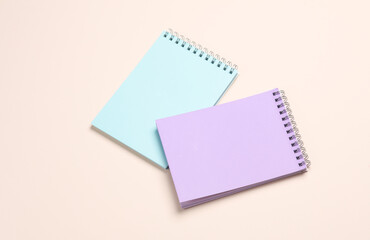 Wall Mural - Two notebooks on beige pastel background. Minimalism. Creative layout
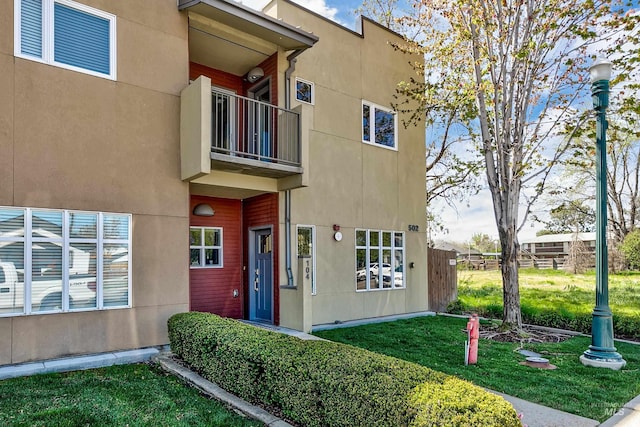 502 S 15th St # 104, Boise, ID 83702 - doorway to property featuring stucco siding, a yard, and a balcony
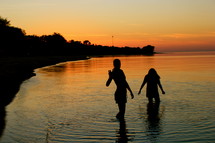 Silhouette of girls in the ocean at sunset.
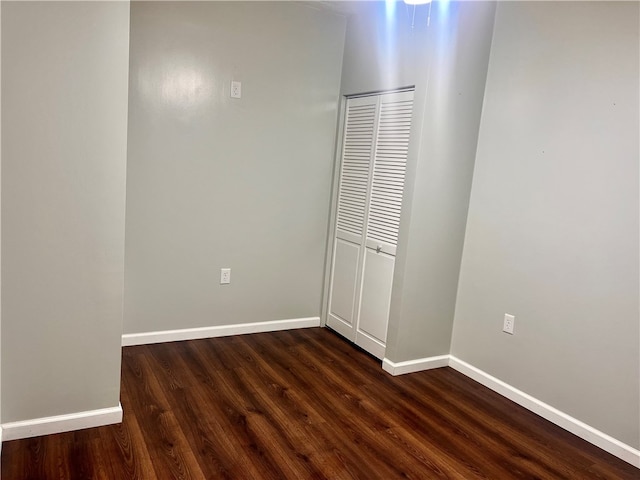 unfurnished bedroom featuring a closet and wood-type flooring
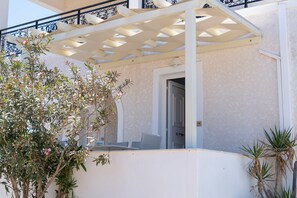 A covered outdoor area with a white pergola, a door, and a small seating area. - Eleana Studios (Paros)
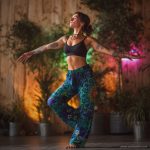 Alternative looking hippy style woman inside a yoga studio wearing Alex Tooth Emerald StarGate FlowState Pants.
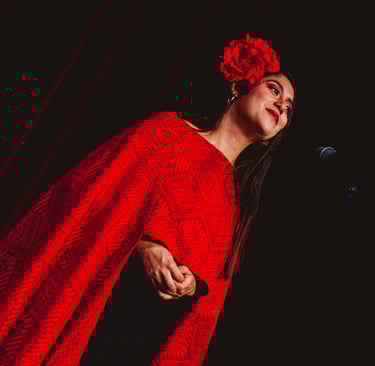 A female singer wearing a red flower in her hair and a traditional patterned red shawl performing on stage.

What is being asked
Restate word for word, please, the line containing "A covered outdoor" and all lines after it through the end of the material; the pictures do not belong in the copy.

Output for this task
 A covered outdoor area with a white pergola, a door, and a small seating area. - Eleana Studios (Paros)
 Alternative looking hippy style woman inside a yoga studio wearing Alex Tooth Emerald StarGate FlowState Pants.
 A female singer wearing a red flower in her hair and a traditional patterned red shawl performing on stage.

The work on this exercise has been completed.